• Your instructions
Transcribe nothing except the lines below that run from the one with "ghghmm9yldwuff1e7gggcc4vf breedbandarnhem20140506 2" to the one with "China Focus: Face-changing", ends included, and do not copy any picture.
┏━━
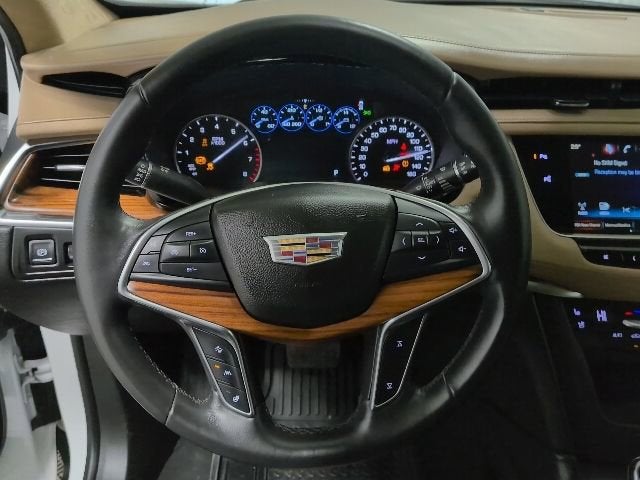 2017 Cadillac XT5 Platinum AWD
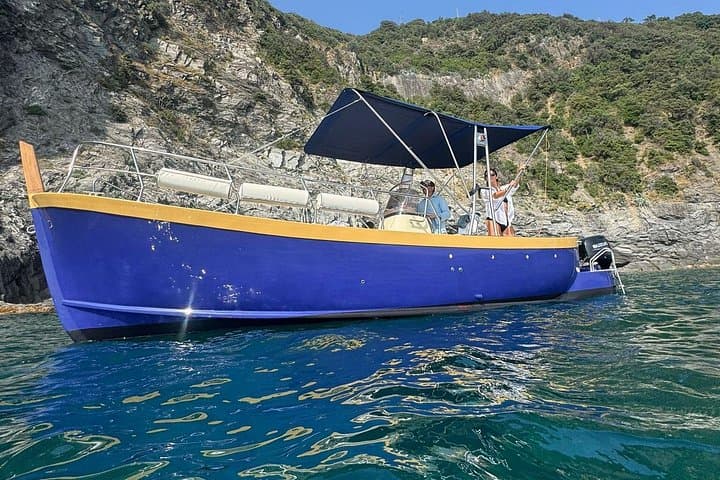 Cinque Terre Gozzo Tour: Sea, Relaxation and Local Flavors — photo 1 of 13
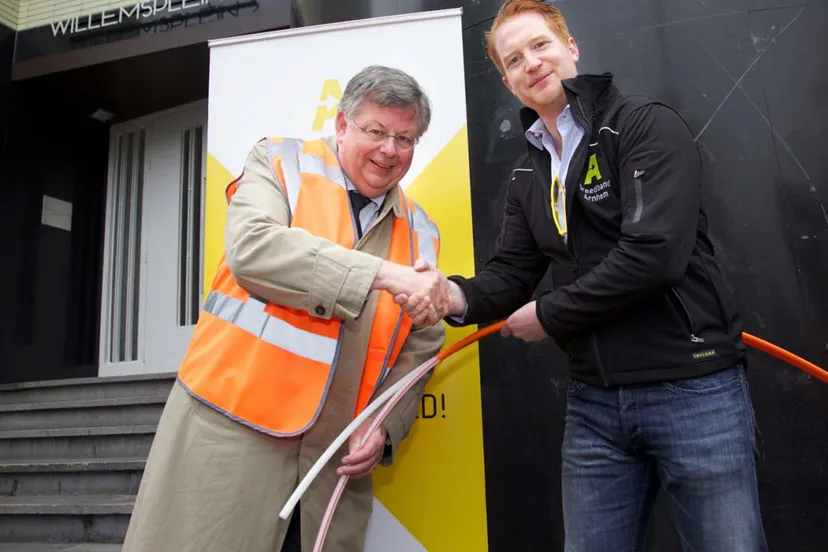 ghghmm9yldwuff1e7gggcc4vf breedbandarnhem20140506 2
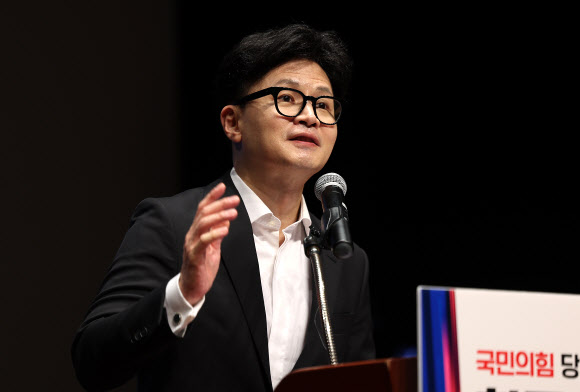 국민의힘 한동훈 대표가 25일 오후 대구 북구 iM뱅크 제2본점에서 열린 포럼 ‘분권과 통합’ 주최 강연회에서 강연하고 있다. 2024.10.25 연합뉴스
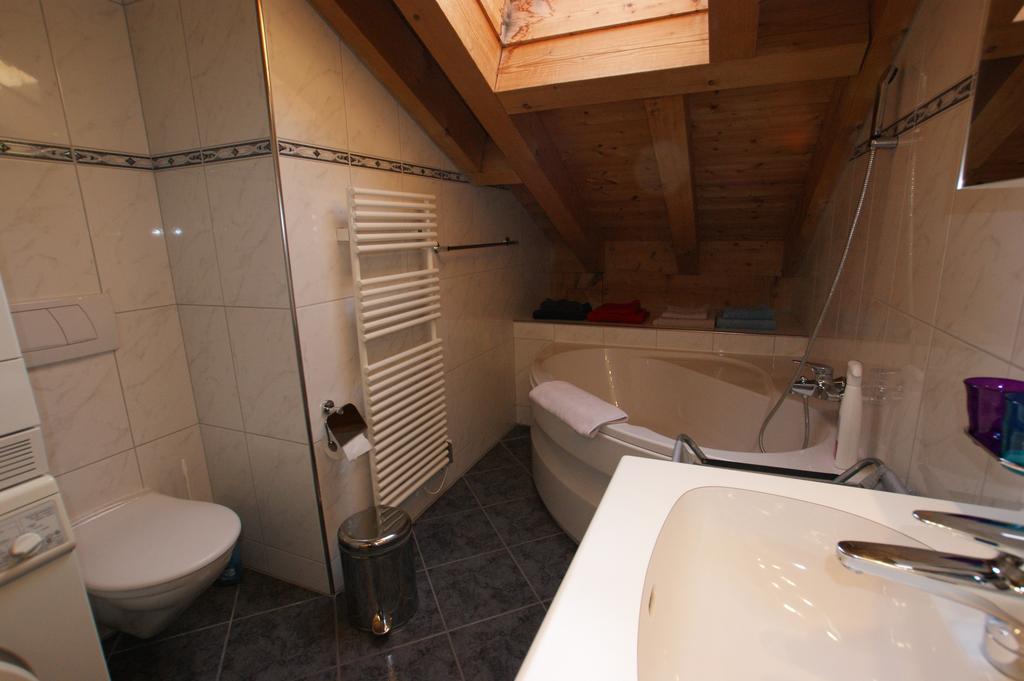 Gotschnablick Apartamento Klosters-Serneus Quarto foto
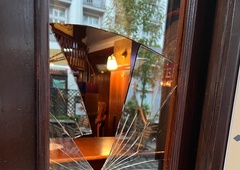 Neznanec razbil steklo ljubljanskega lokala: "Damo ti 30 ur časa, da se javiš"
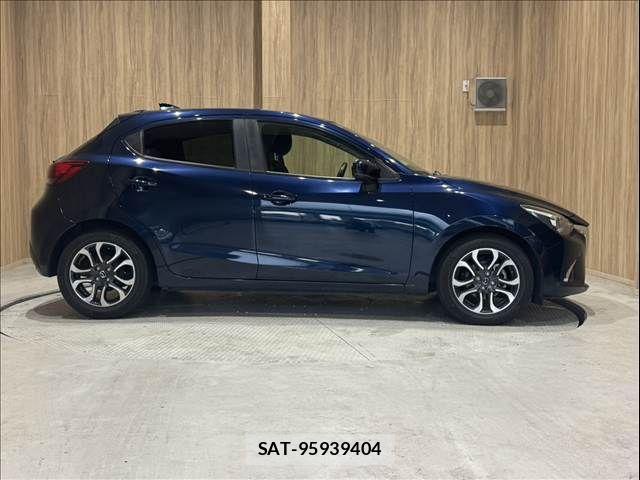 Mazda DEMIO 2017-04 8848759-16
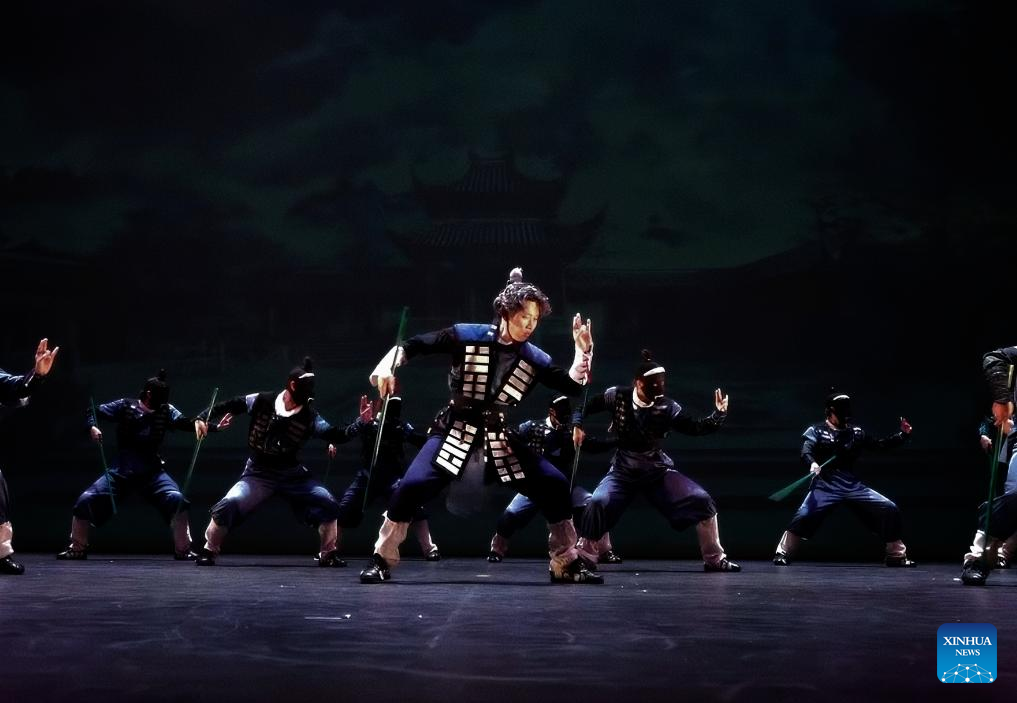 China Focus: Face-changing and Kung Fu -- Chinese culture shines on world street dance stage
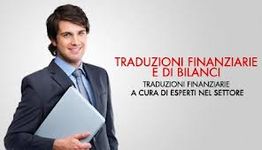 Uomo con documento e testo: "Traduzioni finanziarie e di bilanci".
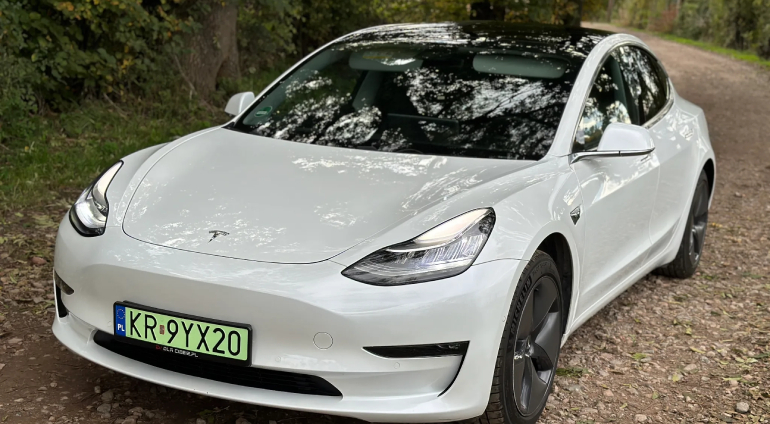 Jazda Teslą Model 3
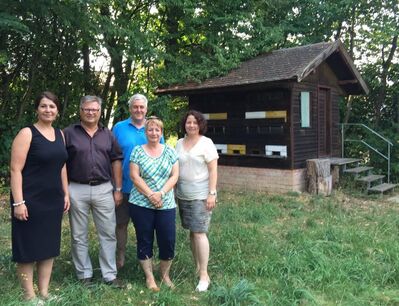 Kreisrätin Filiz Cetin, Bürgermeister Franz Göbl, Imker Martin Schachtl, Gemeinderätin Sabine Gröger, Ruth Müller, MdL
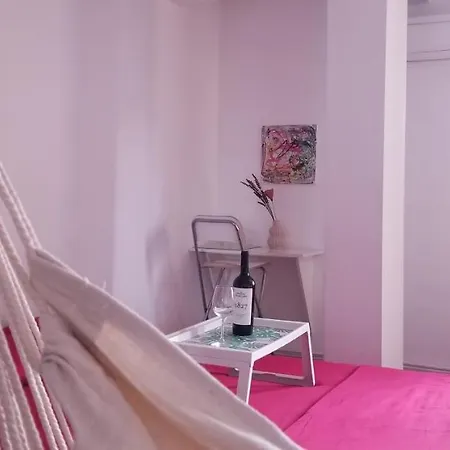 Private At Ceausescu's Place In Old Unirii Square Bucarest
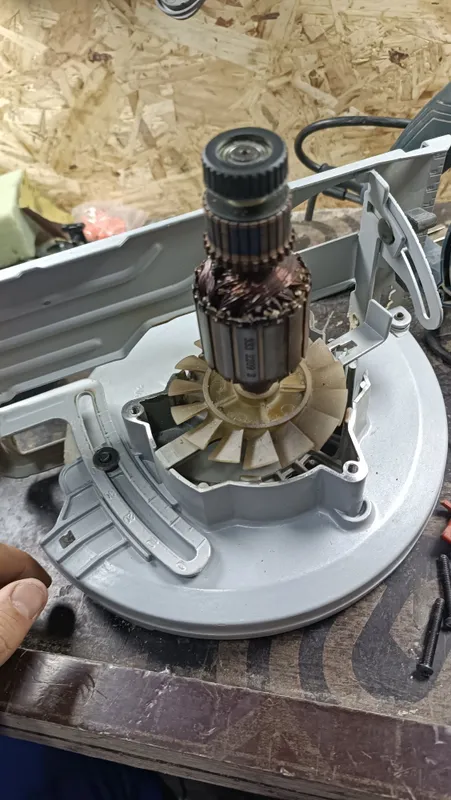 Elektrik xizmati bor navoiy shahar karmanaga Elektrik xizmati bor navoiy shahar karmanaga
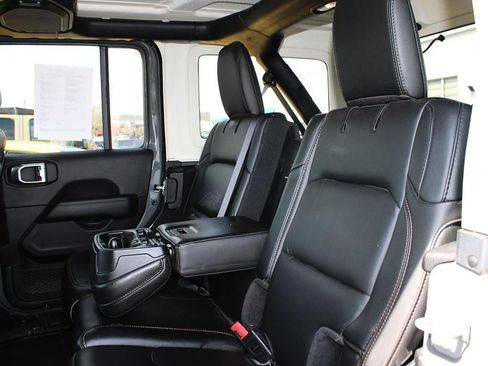 Used 2022 Jeep Wrangler Unlimited Rubicon w/ Xtreme Recon 35" Tire Package image 29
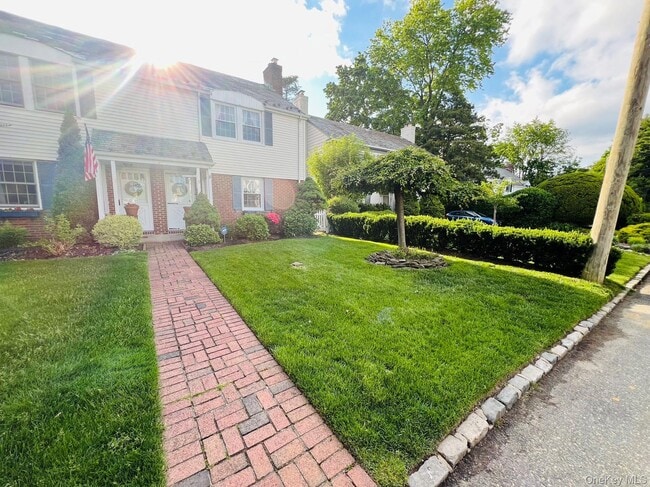 19 Travers St in Manhasset, NY - Building Photo - Building Photo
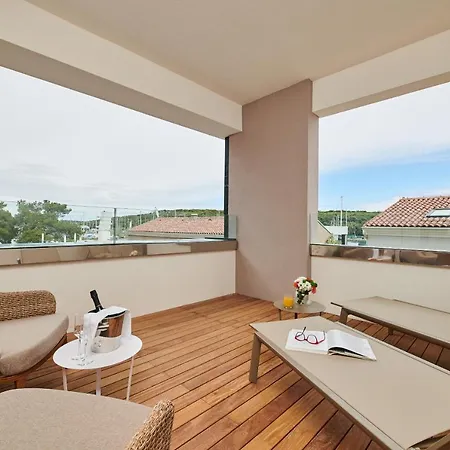 Ribarska Koliba Апарт-отель 4*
┗━━
• Output of the exercise
 ghghmm9yldwuff1e7gggcc4vf breedbandarnhem20140506 2
 국민의힘 한동훈 대표가 25일 오후 대구 북구 iM뱅크 제2본점에서 열린 포럼 ‘분권과 통합’ 주최 강연회에서 강연하고 있다. 2024.10.25 연합뉴스
 Gotschnablick Apartamento Klosters-Serneus Quarto foto
 Neznanec razbil steklo ljubljanskega lokala: "Damo ti 30 ur časa, da se javiš"
 Mazda DEMIO 2017-04 8848759-16
 China Focus: Face-changing and Kung Fu -- Chinese culture shines on world street dance stage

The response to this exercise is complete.